Local warming
The climate history of our spaces
Notes from the Inflection Point explores climate grief, action, and adaptation. In a voice dedicated to seeing things afresh, again, and with agency, we offer readers reflections most Thursdays.
Seattle’s climate history is recorded in its lack of AC.
Air conditioning is a relatively rare amenity in Seattle. You might find it in ritzy tech campuses, luxury apartments, or recently remodeled museums. Some renters and homeowners have AC units, or even central air, but plenty more do not, especially south of the shipping canal. You won’t find it on college campuses, not even upscale private schools. You won’t find it in government buildings, libraries, or community centers, unless they’ve been remodeled recently in order to double as emergency cooling shelters.
Instead, you’ll find dense, well-insulated brick buildings constructed like ovens, with windows that rarely provide enough of a cross-breeze to replace the air more quickly than it heats up. In their defense, these buildings are great at being warm in the winter. When I first moved to Seattle, I worked in a typical university lab: in a brick-walled building with an AC unit that was perpetually broken. My labmates and I broke all reasonable lab dress codes and still sweated as we worked.
To make things worse, as the summer stetches out, smoke curls around the city from wildfires that were shocking a decade ago.
Just yesterday, the AQI shot up from 41 to almost 150 in the span of a couple hours: the atmosphere turned over and brought down high-level smoke from fires burning in British Columbia. The air smelled like campfire, permanent marker, and burnt plastic. The pervasive brown haze was visible just looking down the street; I could barely see the city skyline across our small Lake Union. The sun was blocked out in a yellow-white sky. In these conditions, you can’t even open your windows.

I’ve lived in Seattle for just four years. I’ve been told that it used to be cool enough here that buildings didn’t need AC. Average summer temperatures in Seattle supposedly topped out at the mid-70’s, and it still rained sometimes. Every summer I’ve been here, though, the region has been mired in deep drought: virtually no rain, or even clouds, between July and September. To me, it feels normal, like Seattle must have always been this way.

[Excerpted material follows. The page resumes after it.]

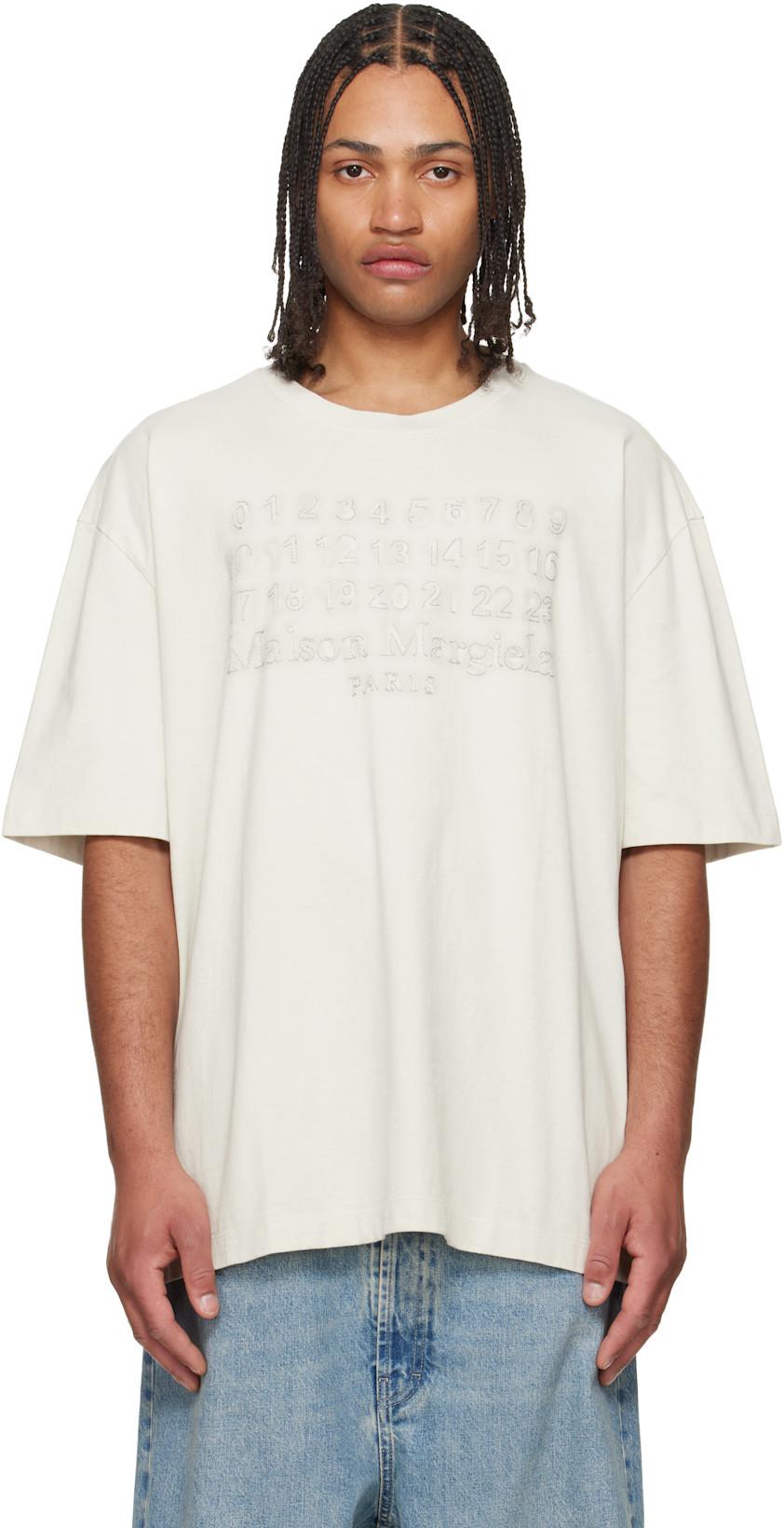 Off-White Embroidered Logo T-shirt by MAISON MARGIELA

How will we live through hot summers into the future? How will we protect our neighbors and community members through extreme heat and smoke?
I know the techniques for keeping living spaces cool without AC: open the windows overnight, close the blinds during the day, mount cardboard or Mylar over the glass to block the sun. Drink water, strip down, don’t turn the oven or stove on more than you absolutely need to, don’t move too much. Go to an air-conditioned building or a beach, if they’re open.

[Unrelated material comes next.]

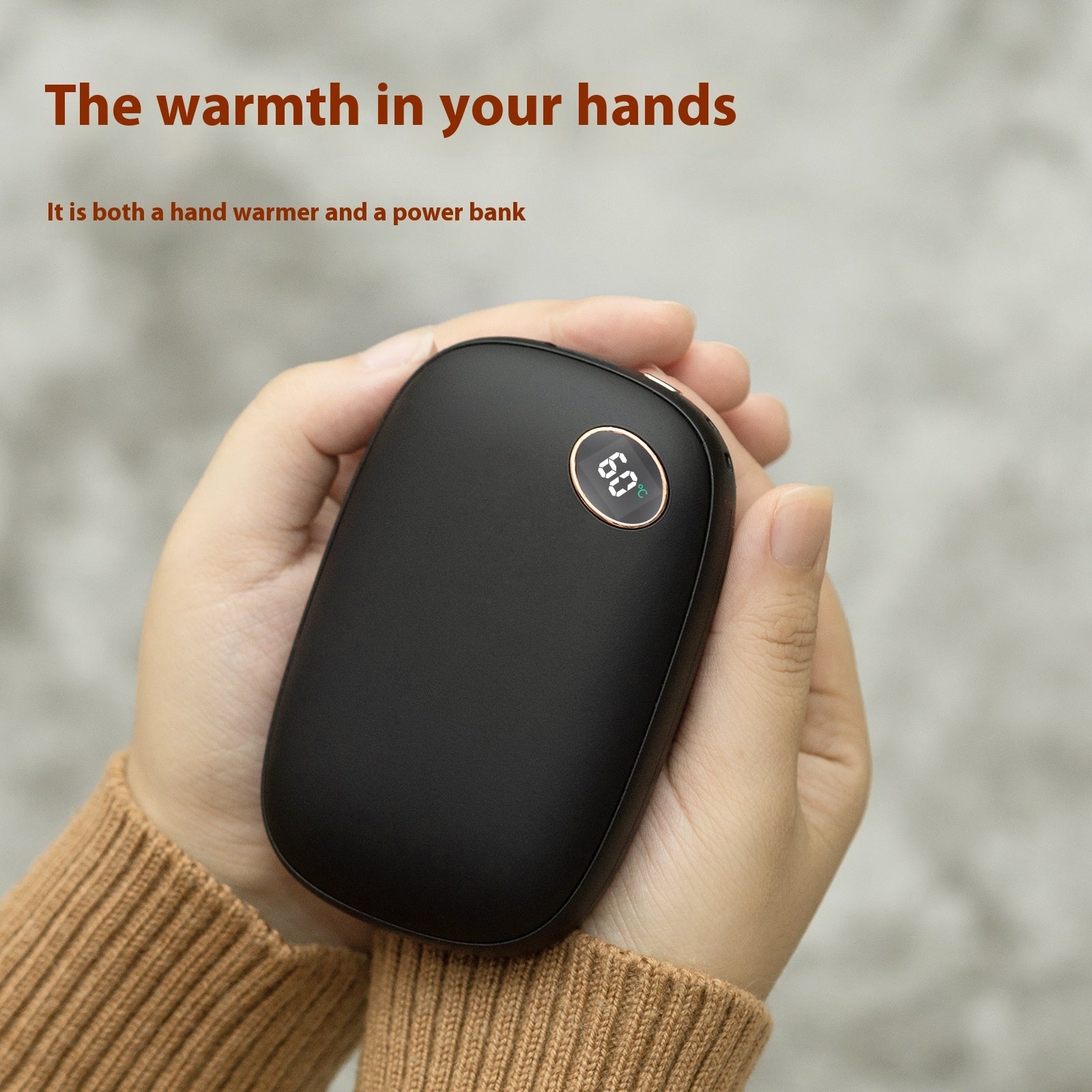 Chauffe-mains USB mini à grande capacité, chauffe rapidement, recharge deux-en-un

This advice is more possible to follow for some than others. I’m fortunate: I have masks and air purifiers. I live in a basement-level apartment, so even without air conditioning, I can keep the windows closed and stay cool enough. On upper-floor apartments unshaded by trees, and in the urban heat bubbles created by blocks and blocks of concrete and asphalt, living space temperatures rise to 80, 90, 100 degrees or more.
Three weeks after I arrived, the region experienced a “heat dome”: a week-long stretch of extreme heat with temperatures in the 90’s and 100’s. I found this range unremarkable at the time, having just moved from the Midwest where summer temperatures were regularly that high. However, Seattle does not have the infrastructure to handle that level of heat. Over a hundred people died, possibly many more, most of whom did not have air conditioning or were elderly, chronically ill, or unhoused.

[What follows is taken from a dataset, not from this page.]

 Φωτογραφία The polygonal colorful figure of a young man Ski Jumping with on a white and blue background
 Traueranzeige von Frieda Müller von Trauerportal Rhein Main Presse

It has become increasingly unhealthy to live in uncooled spaces. Research has shown that when people are exposed to high overnight temperatures, they “are unable to cool down and recover from the daytime heat”, which can increase their risk of heat-related illness during the day (Environmental Health Perspectives, July 2023).
The twist of the knife is that air-conditioning individual spaces makes climate change worse. It weakens communities by isolating individuals. It feels like we’re on the other side of this particular inflection point: air conditioning is part of a feedback loop that drives summers hotter every year.
We can collectively advocate for community cooling centers, urban tree cover, energy-efficient infrastructure and public transit, and systemic support for those living outdoors. We can check on our neighbors who are exposed to the heat.
In a season that becomes more hostile every year, we can make the choice to live through it together.
Lou Baker (they/them) is a scientist and organizer. They hold a PhD in Aerospace Engineering and studied how wind and water currents carry microplastics in different environments. They now organize workers in higher education.